Shanmugham Road is a major road of Kochi, India, named after R. K. Shanmukham Chetty who was the Diwan of the Kingdom of Kochi from 1931 to 1945. It runs parallel to Kochi Backwaters, and popularly known as Marine Drive. It is a busy and highly commercialised street of the city, dotted with shopping centres and offices.

Initially, the road ran next to the backwaters. In the 1970s, land was reclaimed close to the road, yielding a narrow strip of prime real estate. This strip of land currently houses shopping malls and apartments. A tree lined walkway now borders the backwaters, which is a tourist attraction. More than half of the reclaimed land is left as open space, often used for gatherings, demonstrations and shows.
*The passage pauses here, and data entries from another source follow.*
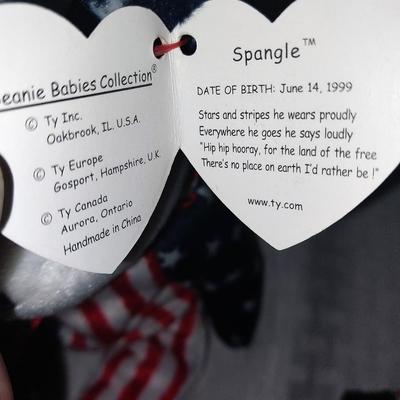 BEANIE BABIES SPANGLE-LEFTY-RIGHTY
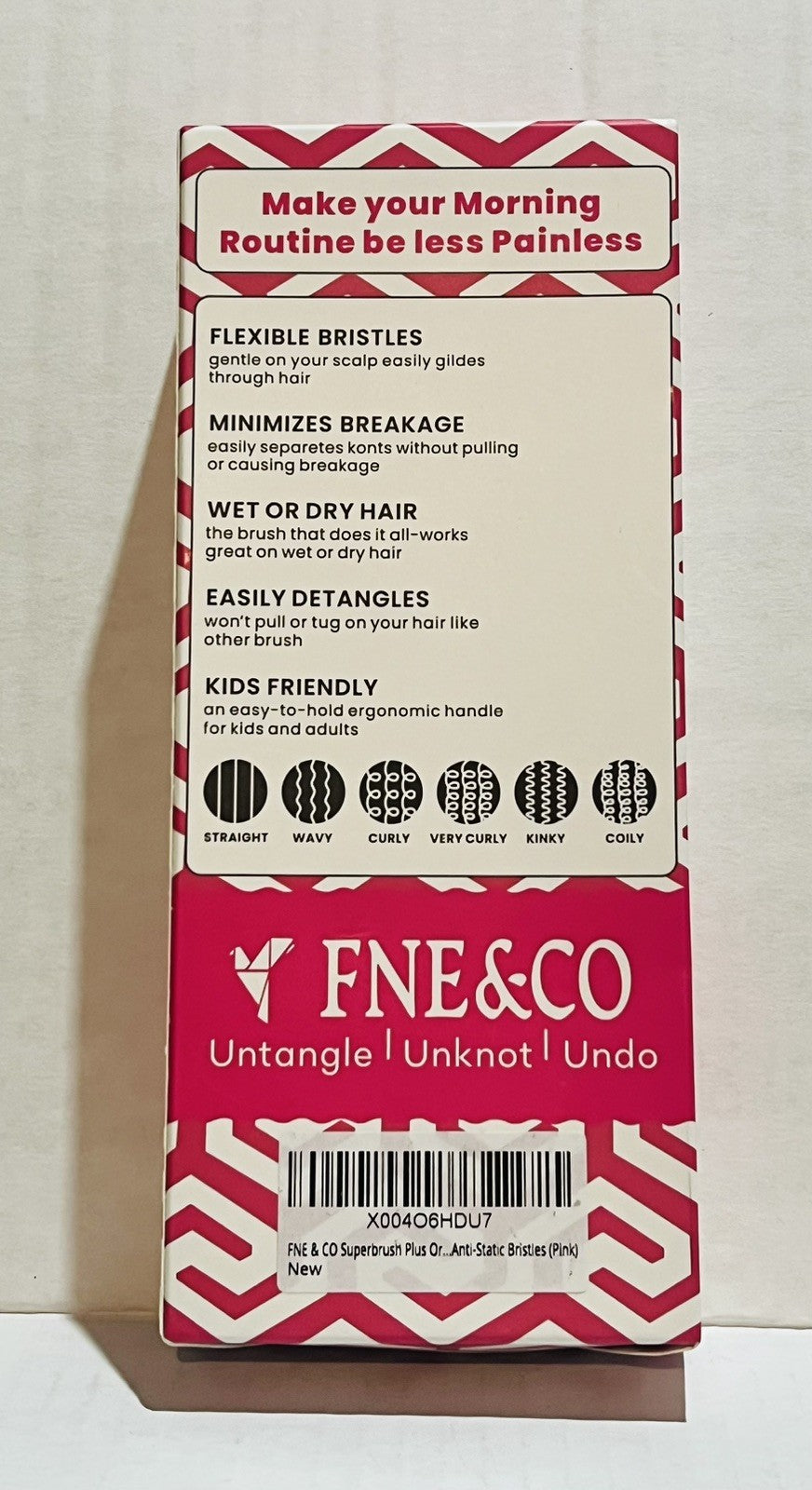 Pink Unknotting Brush - Italian Design for Detangling & Undoing Knots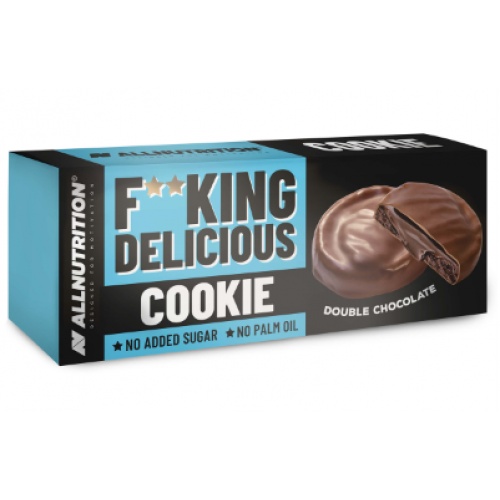 (19.05 Очікування) Fitking Delicious cookie - 128g Double Chocolate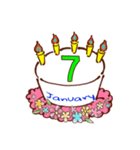 誕生日ケーキ 1月（個別スタンプ：8）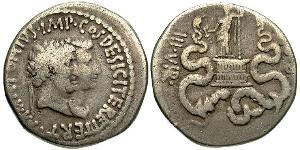 1 Tetradrachm 罗马共和国 (509 BC - 27 BC) 銀 Mark Antony (83BC-30BC)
The road begins at the High Court Junction on the north end and ends at the Ernakulam Guest House near Broadway at the south. It continues further south as Park Avenue Road.

It is a four lane city road with a wide median separating the two carriageways. The headquarters of the Archdiocese of Verapoly is located on this road, as well as the Regional offices of State Bank of India, Federal Bank and Indian Bank. It is also home to The Gateway Hotel by Taj. Corporate office of Joy Alukkas is also located here.

This region is immensely popular for electronic goods and cosmetics.

Shanumugham road is one of the most fashionable locales in the country. There are many Shopping malls including Bay Pride mall in its vicinity.  Marine Drive Kochi ground hosts exhibitions and large meetings regularly.

Major eateries include Marrybrown at Abad Food Court in Bay Pride Mall, Sealord Hotel, Coffee Cube and SFSplus. Food Mall is also located near to Shanmugham Road at Revenue tower.